YOUR TYPICAL DAY HERE WOULD BE:
- Design, build, observability dashboards using Dynatrace, Grafana
- Develop and implement strategies to improve system reliability, performance, and efficiency.
- Analyze performance data, identify bottlenecks, and implement solutions to optimize system performance.
- Develop and implement automation solutions to streamline operations, improve efficiency, and reduce manual intervention in infrastructure management and deployment processes.
- Collaborate with security service teams in implementing Security Reliability Engineering.
- Define and implement best practices for monitoring, alerting, and incident response to proactively identify and address potential issues.

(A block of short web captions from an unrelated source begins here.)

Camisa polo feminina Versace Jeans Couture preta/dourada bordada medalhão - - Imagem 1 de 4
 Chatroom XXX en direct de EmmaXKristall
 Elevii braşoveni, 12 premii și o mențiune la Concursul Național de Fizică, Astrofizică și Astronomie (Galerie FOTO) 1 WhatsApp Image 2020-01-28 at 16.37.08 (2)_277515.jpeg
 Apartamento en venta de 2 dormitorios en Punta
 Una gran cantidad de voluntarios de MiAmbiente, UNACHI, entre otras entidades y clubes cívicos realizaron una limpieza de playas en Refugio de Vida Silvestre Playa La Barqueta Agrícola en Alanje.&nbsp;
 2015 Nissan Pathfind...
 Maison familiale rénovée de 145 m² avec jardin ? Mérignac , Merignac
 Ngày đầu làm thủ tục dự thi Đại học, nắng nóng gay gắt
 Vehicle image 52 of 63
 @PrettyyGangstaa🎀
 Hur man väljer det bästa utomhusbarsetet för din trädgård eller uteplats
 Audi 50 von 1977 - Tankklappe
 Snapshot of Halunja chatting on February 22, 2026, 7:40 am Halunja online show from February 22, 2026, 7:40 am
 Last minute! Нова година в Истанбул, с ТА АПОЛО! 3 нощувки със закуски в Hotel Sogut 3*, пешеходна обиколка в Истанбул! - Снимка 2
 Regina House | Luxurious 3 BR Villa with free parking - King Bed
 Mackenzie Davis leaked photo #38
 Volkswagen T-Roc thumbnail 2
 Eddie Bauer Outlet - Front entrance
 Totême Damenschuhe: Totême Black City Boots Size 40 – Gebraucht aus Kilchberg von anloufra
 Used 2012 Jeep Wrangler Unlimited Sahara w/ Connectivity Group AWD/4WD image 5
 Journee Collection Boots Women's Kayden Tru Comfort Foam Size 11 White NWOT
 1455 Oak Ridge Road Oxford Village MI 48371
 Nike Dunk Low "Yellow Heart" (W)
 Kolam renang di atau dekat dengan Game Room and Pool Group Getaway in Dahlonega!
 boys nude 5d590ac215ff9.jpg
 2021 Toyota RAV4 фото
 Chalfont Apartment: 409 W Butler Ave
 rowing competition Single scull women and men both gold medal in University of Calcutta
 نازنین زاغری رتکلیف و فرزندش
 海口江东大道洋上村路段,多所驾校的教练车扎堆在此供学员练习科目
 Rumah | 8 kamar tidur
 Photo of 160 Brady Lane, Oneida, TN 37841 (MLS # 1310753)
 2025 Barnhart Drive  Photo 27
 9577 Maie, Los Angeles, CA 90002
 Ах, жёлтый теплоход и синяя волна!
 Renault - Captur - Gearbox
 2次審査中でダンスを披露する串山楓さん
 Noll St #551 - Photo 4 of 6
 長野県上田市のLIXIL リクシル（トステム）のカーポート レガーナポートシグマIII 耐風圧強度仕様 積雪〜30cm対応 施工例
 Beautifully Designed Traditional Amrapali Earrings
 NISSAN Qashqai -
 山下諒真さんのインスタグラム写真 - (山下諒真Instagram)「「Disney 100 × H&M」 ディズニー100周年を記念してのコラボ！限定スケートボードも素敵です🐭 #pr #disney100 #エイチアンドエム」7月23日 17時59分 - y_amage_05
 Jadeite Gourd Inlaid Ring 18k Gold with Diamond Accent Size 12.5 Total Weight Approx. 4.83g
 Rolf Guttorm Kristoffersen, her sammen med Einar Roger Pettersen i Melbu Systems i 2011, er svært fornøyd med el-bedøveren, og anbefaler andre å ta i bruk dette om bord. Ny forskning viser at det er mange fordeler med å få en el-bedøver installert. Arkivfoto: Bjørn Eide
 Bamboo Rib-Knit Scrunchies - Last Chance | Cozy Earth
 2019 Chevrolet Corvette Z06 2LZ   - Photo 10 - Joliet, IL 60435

- Drive continuous improvement initiatives to enhance the reliability, scalability, and performance of our systems through automation and infrastructure optimization.
- Collaborate with development teams to identify and address performance bottlenecks.
WHAT YOUR SKILLSET LOOKS LIKE:
- A relevant Bachelor's or Master’s Degree in computer science / engineering
- 7+ years of experience as a Site Reliability Engineer, DevOps Engineer, or similar role.
- Hands on Experience with Dynatrace, Grafana, SPLUNK tools
- Experience setting up logging and monitoring services (Dynatrace, Grafana, GCP Ops Suites), developing dashboards
- Understanding of incident management processes and best practices.
- Expertise in automation and scripting languages (Python, Go, Bash).
- Knowledge of GCP and configuring infrastructure using infrastructure-as-a-code libraries like Terraform
- Demonstrated ability to drive continuous improvement and innovation in SRE and automation practices
- Excellent problem-solving and analytical skills.
WOULD BE GREAT IF YOU ALSO BRING:
- GCP / DevOps Certification